Whatever the reason, if you’re considering applying for another loan while refinancing your current home, the process can be a bit complicated. To give you the full picture, we consulted mortgage experts and broke down the rules.
There’s nothing wrong with refinancing one mortgage at the same time that you are buying an investment property or second home with a mortgage, according to Andrew Weinberg, principal and licensed mortgage broker at Silver Fin Capital Group, in Great Neck, NY.
The key factor to making both the refinance and new purchase work is to ensure you will qualify for the new home loan.
“This means taking into account your current home payment,” says Ralph DiBugnara, president of New York’s Home Qualified and vice president at Cardinal Financial. A mortgage bank can very easily tell you the total payments and loan amounts you’ll be able to carry based on your current income.
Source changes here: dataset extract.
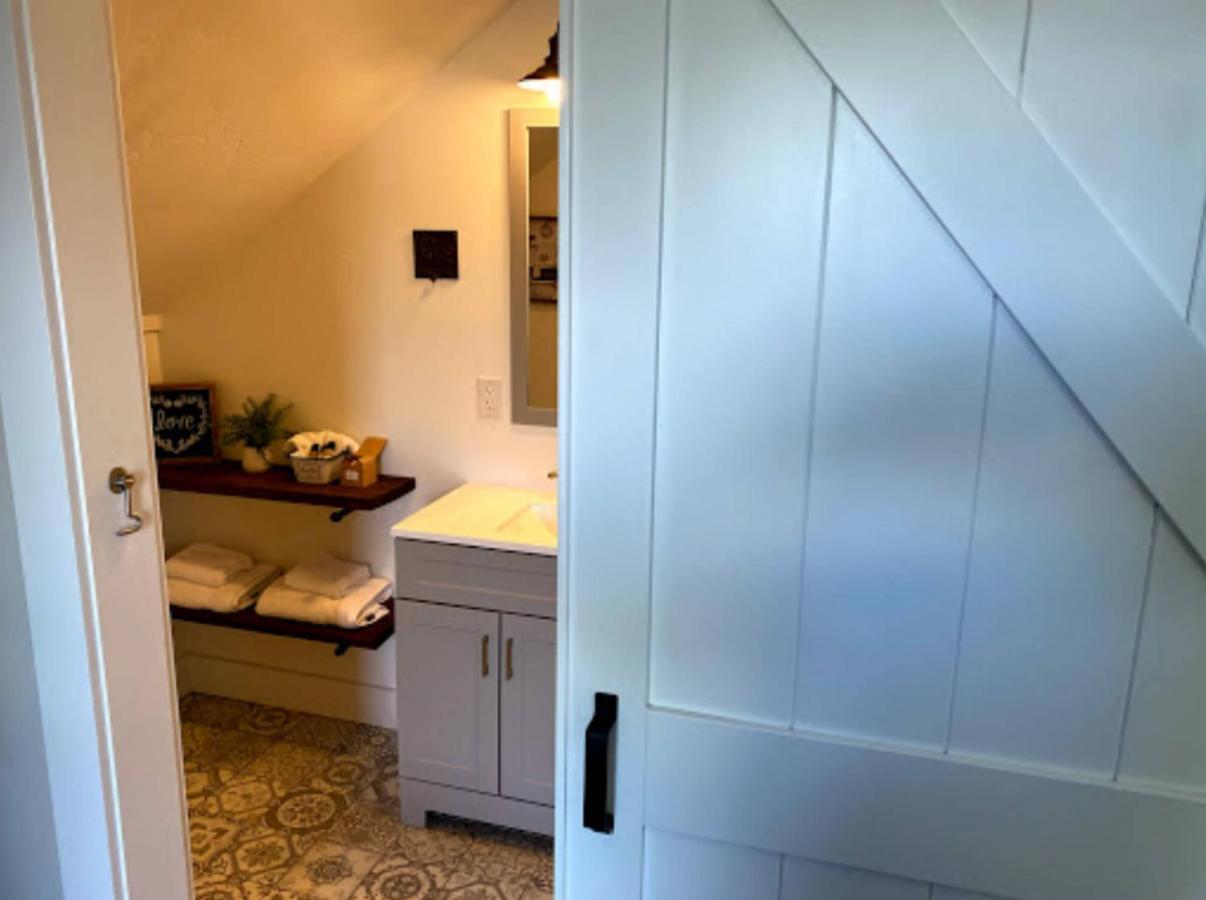 The Farmhouse Inn & Kitchen, 2 Blocks From Downtown Whitefish, Montana Eksteriør billede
In some cases, you may even have to refinance to reduce your current mortgage payment to qualify for the new loan. Or you may need to cash out funds from the refinance to come up with the down payment on the new property.
The only ironclad rule is that you can’t refinance a primary residence while applying for a mortgage on a new primary residence.
Consider working with one lender for both mortgages
The benefit of doing both loans—refinancing and obtaining a new mortgage—is that you can deal with a single loan officer and provide most of your documents (e.g., tax returns, W-2s, pay stubs, bank statements, etc.) only once.
You can also optimize your loan balances and your monthly payment to a degree by doing both loans with the same lender, says DiBugnara.
If you need to work with two different lenders, both need to be aware of the other loan.
When refinancing and buying at the same time isn’t a good idea
You shouldn’t refinance a home you intend to sell in the next six months or so because it’s not cost-efficient.
“The closing costs don’t vary because you intend to pay off your loan in a short period of time,” says Weinberg.
Additionally, most refinances have a clause stating the borrower must stay in the home for at least one year. This means you cannot refinance a primary residence, close on a second home, and then immediately move into it permanently.
The differences between an investment and second home
When applying for your second mortgage, your lender will take into account how you plan on using the property. So it makes a difference if the second home is for investment purposes or is a vacation home for personal use.
“If the home is an investment, you can use proposed rental income as an add-on to your second income when qualifying for the second mortgage,” says DiBugnara.
But if you’re purchasing a vacation home, the new debt will count 100% against your current income and could prevent you from qualifying for a refinance and a second mortgage.
The good news for those looking to buy a beach cottage or winter retreat? Vacation home mortgage rates are typically lower than investment home rates.
“You can also typically put less money down—sometimes just 10%,” says Kylie Pak, owner of RedBrick Properties, in Richmond, VA, who specializes in property investing.